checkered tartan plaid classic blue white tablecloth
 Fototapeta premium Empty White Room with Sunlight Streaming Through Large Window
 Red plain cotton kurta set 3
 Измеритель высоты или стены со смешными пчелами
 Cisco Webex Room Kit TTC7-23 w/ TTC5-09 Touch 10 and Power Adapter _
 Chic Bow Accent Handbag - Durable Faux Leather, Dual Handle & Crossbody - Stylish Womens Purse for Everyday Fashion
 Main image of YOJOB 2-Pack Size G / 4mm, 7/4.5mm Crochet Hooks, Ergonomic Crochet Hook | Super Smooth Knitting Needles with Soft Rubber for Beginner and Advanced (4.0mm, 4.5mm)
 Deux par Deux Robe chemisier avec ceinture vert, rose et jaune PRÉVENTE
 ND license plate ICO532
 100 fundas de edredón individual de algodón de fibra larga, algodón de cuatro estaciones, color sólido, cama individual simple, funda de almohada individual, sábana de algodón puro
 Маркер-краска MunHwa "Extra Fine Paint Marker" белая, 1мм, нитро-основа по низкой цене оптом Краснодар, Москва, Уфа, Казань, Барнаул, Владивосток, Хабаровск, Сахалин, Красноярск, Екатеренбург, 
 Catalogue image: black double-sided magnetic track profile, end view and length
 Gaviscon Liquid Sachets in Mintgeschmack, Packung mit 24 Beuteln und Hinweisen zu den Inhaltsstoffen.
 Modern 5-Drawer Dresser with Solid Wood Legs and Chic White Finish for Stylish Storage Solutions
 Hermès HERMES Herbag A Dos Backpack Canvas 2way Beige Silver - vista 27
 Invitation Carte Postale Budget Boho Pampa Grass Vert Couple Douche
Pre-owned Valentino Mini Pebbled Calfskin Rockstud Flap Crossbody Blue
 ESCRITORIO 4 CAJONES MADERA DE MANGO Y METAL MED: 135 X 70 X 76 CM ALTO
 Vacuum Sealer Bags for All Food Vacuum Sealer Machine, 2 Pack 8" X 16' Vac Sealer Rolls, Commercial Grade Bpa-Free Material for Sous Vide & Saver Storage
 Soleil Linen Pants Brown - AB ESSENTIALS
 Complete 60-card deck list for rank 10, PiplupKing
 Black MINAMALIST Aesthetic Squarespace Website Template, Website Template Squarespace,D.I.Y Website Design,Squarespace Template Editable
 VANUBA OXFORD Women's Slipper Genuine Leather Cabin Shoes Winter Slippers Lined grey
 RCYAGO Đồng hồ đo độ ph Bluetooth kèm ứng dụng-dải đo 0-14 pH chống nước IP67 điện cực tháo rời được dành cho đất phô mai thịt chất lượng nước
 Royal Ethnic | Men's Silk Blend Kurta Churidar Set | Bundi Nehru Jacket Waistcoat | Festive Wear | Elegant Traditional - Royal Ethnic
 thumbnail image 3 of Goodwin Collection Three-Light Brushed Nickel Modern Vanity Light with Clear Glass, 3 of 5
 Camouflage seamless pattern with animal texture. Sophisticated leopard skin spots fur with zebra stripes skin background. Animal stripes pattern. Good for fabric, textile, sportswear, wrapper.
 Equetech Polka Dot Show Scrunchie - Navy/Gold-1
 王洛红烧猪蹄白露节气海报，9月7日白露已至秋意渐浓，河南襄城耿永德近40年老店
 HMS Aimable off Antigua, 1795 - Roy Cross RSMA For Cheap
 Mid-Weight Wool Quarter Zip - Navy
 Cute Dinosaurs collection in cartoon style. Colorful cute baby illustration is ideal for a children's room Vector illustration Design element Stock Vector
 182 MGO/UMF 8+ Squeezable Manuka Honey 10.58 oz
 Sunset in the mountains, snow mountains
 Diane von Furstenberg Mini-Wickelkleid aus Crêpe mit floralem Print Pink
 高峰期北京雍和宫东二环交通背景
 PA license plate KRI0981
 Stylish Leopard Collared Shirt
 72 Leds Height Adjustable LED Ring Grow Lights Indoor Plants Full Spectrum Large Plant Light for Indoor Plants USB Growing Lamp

» What you should do
A single figure is required: the number of lines in the entries that hold the string "Stylish".

» Task output
3